Reproduce the data exactly and drop any pictures it holds.

> **MATERIAL FOR THE TASK**
= = =
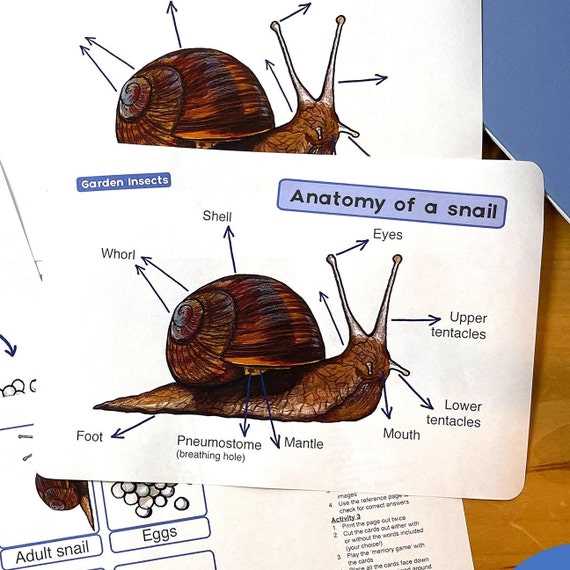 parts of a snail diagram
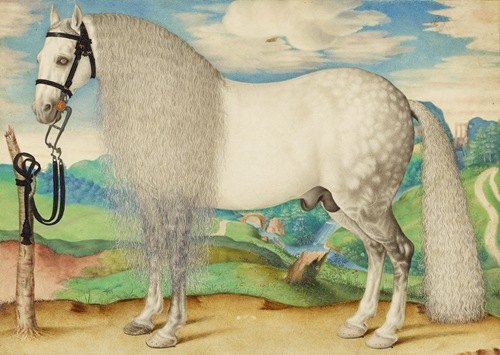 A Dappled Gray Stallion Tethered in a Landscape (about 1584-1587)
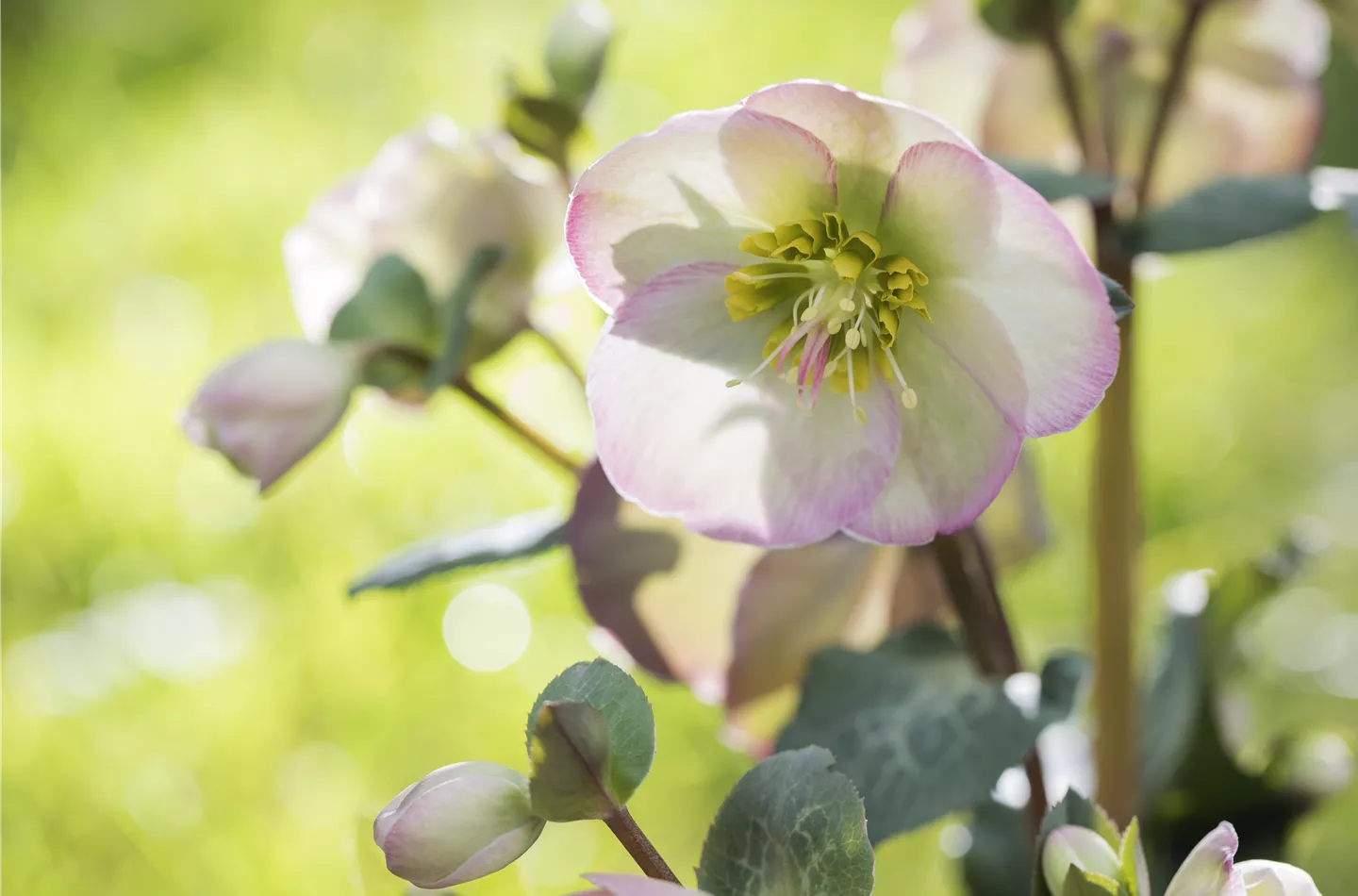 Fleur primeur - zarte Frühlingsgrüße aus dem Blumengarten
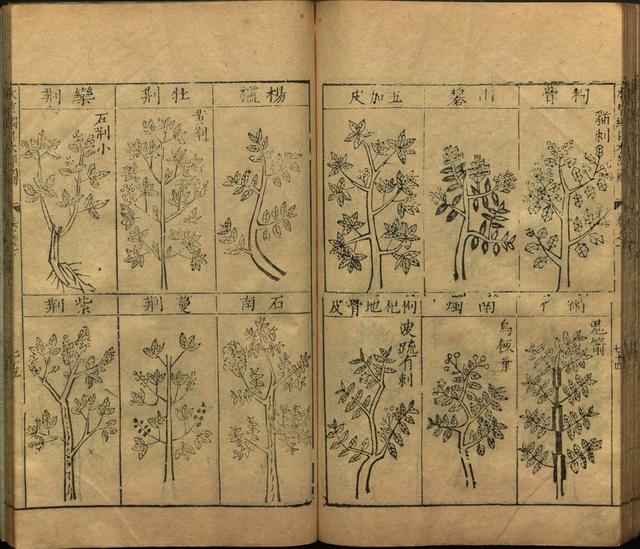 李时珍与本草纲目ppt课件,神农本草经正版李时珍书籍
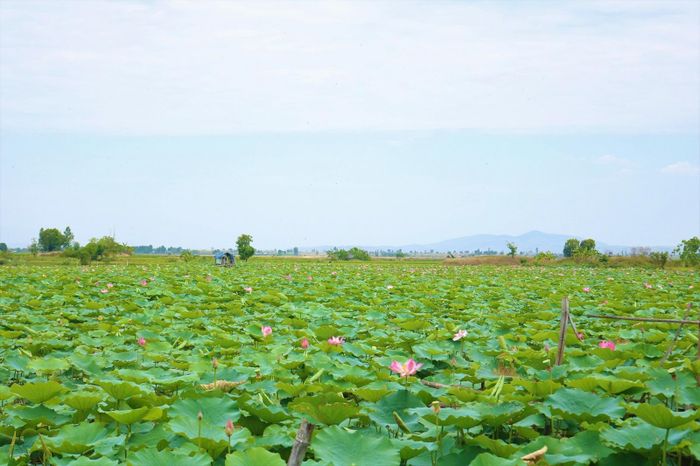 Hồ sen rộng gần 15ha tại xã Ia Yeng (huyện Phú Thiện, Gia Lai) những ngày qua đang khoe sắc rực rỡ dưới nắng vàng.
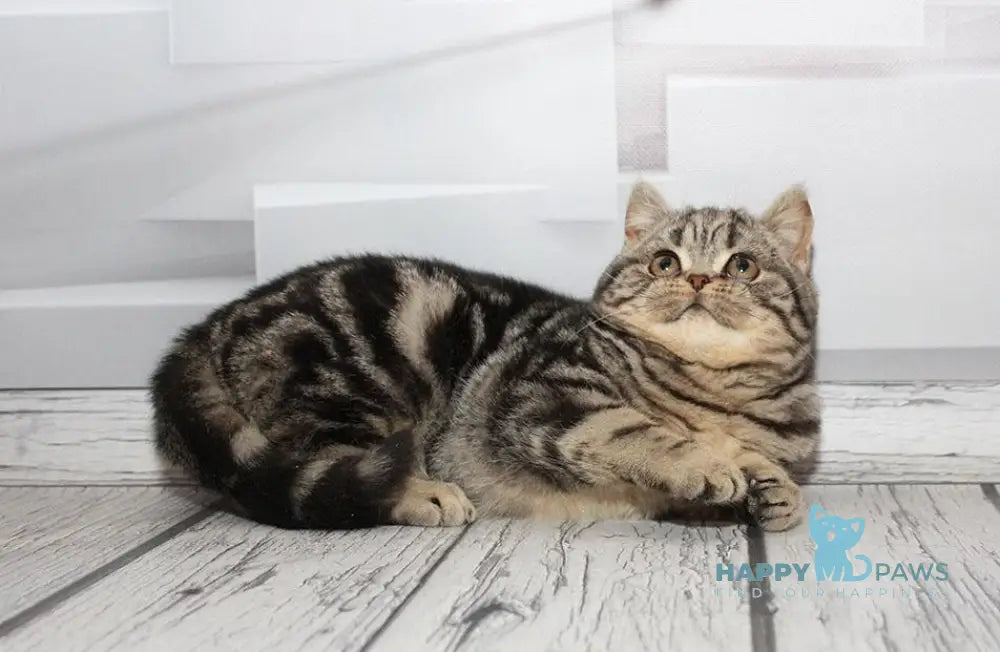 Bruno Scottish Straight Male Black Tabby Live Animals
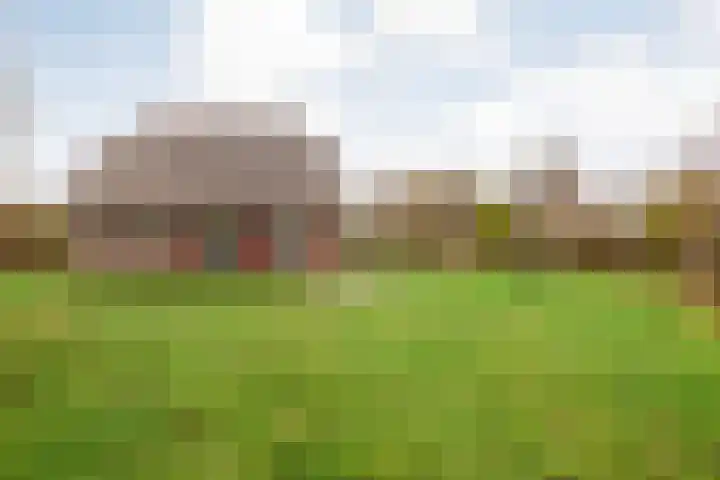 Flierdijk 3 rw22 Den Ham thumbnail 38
= = =
> **WRITTEN SOLUTION**
 parts of a snail diagram
 A Dappled Gray Stallion Tethered in a Landscape (about 1584-1587)
 Fleur primeur - zarte Frühlingsgrüße aus dem Blumengarten
 李时珍与本草纲目ppt课件,神农本草经正版李时珍书籍
 Hồ sen rộng gần 15ha tại xã Ia Yeng (huyện Phú Thiện, Gia Lai) những ngày qua đang khoe sắc rực rỡ dưới nắng vàng.
 Bruno Scottish Straight Male Black Tabby Live Animals
 Flierdijk 3 rw22 Den Ham thumbnail 38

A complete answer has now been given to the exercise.